Lifting Generators in Connected Lie Groups

TL;DR

This paper investigates when generating sets in connected Lie groups can be lifted through epimorphisms, revealing that the problem reduces to abelian cases and establishing conditions related to the Gaschütz lemma and group perfection.

Contribution

It demonstrates that lifting generators in connected Lie groups depends on abelianization, proves the Gaschütz lemma for perfect groups, and introduces the Gaschütz rank to measure failure in non-perfect groups.

Findings

Generators can be lifted if and only if they lift in the abelianization map.

Connected perfect Lie groups satisfy the Gaschütz lemma.

The Gaschütz rank quantifies how non-perfect groups fail to satisfy the lemma.

Abstract

Given an epimorphism between topological groups $f:G\to H$, when can a generating set of $H$ be lifted to a generating set of $G$? We show that for connected Lie groups the problem is fundamentally abelian: generators can be lifted if and only if they can be lifted in the induced map between the abelianisations (assuming the number of generators is at least the minimal number of generators of $G$).
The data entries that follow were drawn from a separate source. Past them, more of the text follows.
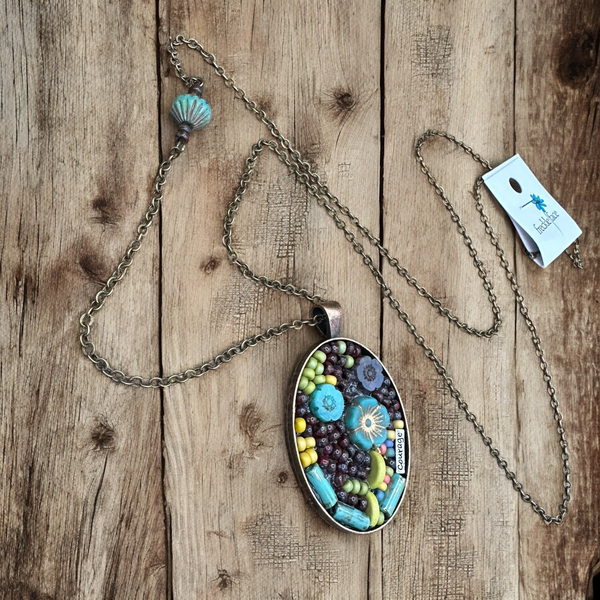 OOAK Mosaic Necklace - Oval - M3940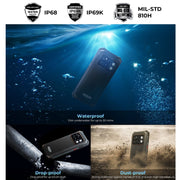 HOTWAV CYBER 13 Pro, 12GB+256GB, IP68/IP69K Rugged Phone, 10800mAh, 6.6 inch Android 13 UNISOC T619 Octa Core, Network: 4G, NFC, OTG(All Black)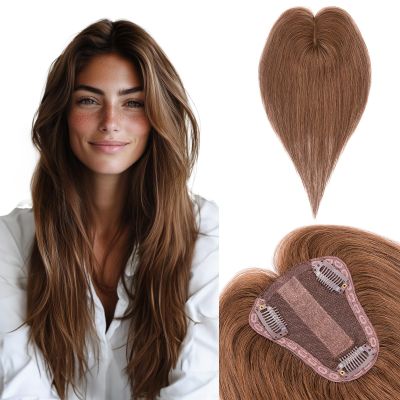 Benehair Hair Toppers for Women Real Human Hair 100% Remy Human Hair Pieces for Women with Thinning Hair 8 * 10cm Lace Silk Base 12 Inch 35g Clip in Hair Extensions Golden Brown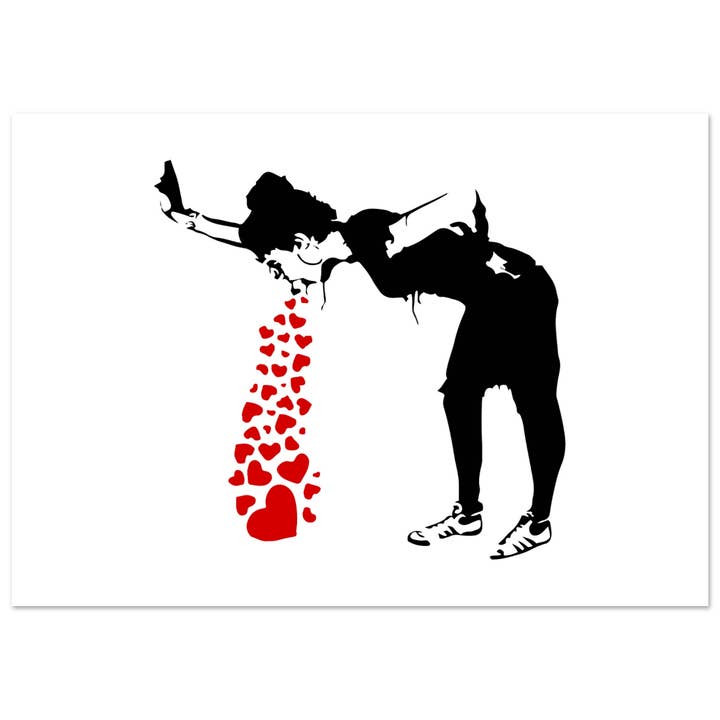 Art-O-Rama Shop – Poster por atacado – Cartaz da arte de Banksy Lovesick Girl Whowing Up Hearts1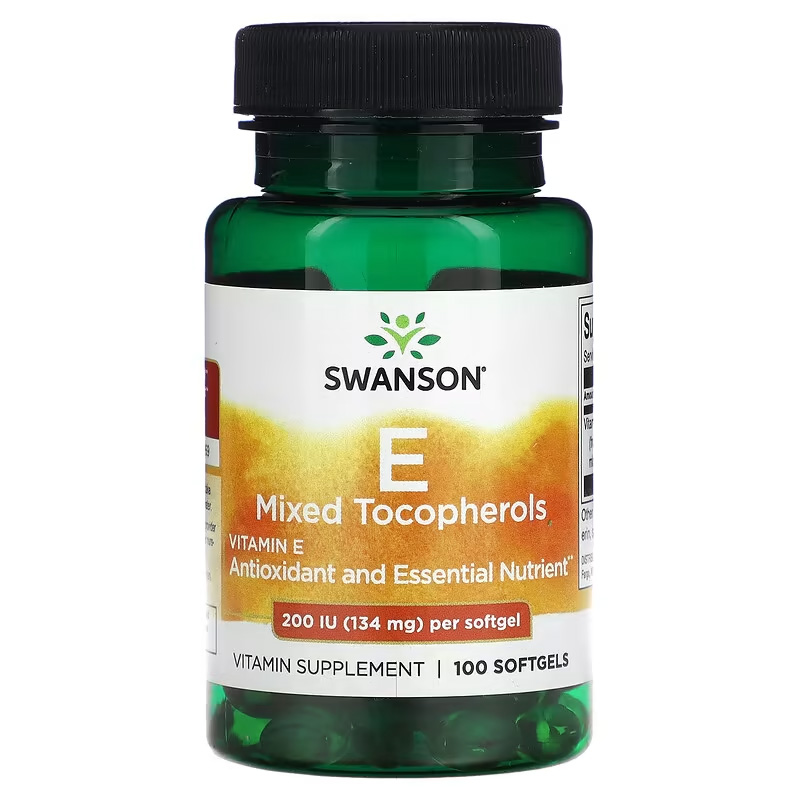 Swanson Vitamin E Mixed Tocopherols, 134 mg, 100 Softgels
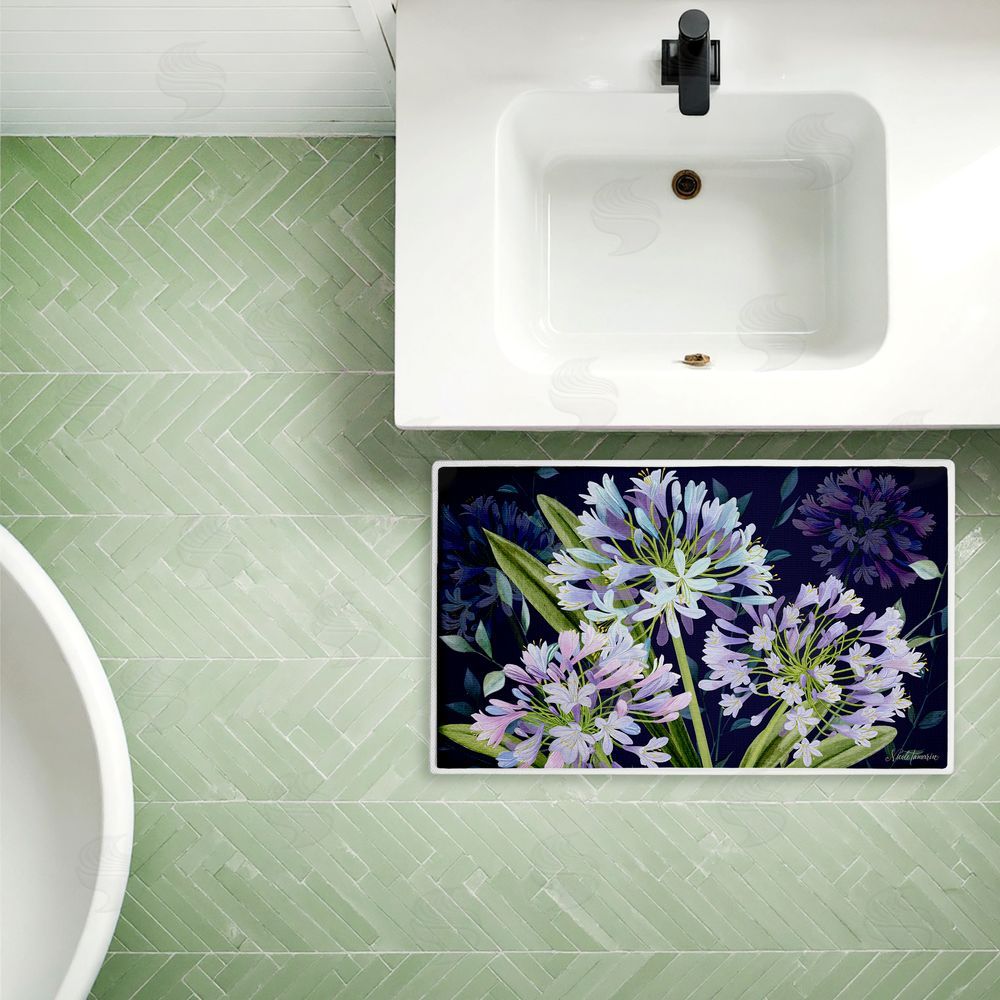 Nicole Tamarin | Midnight Garden Flowers Plush Bath Mat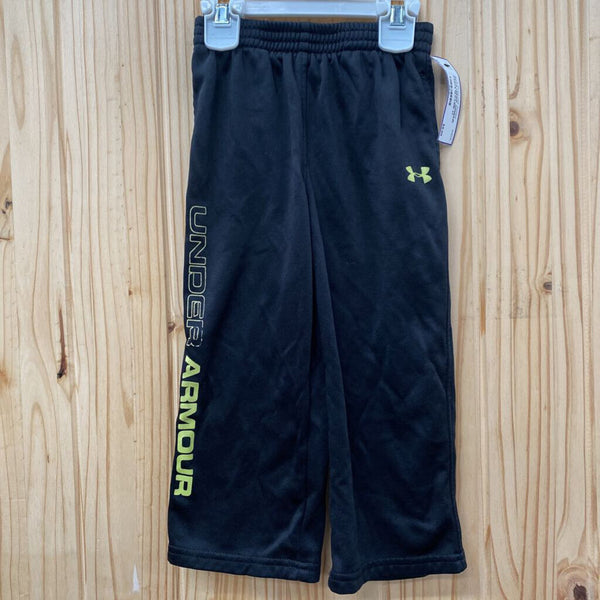 BOYS UNDER ARMOUR PANTS BLK/LIME 3T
As a consequence, we deduce that connected perfect Lie groups satisfy the Gasch\"utz lemma: generating sets of quotients can always be lifted. If the Lie group is not perfect, this may fail. The extent to which a group fails to satisfy the Gasch\"utz lemma is measured by its \emph{Gasch\"utz rank}, which we bound for all connected Lie groups, and compute exactly in most cases. Additionally, we compute the maximal size of an irredundant generating set of connected abelian Lie groups, and discuss connections between such generation problems with the Wiegold conjecture.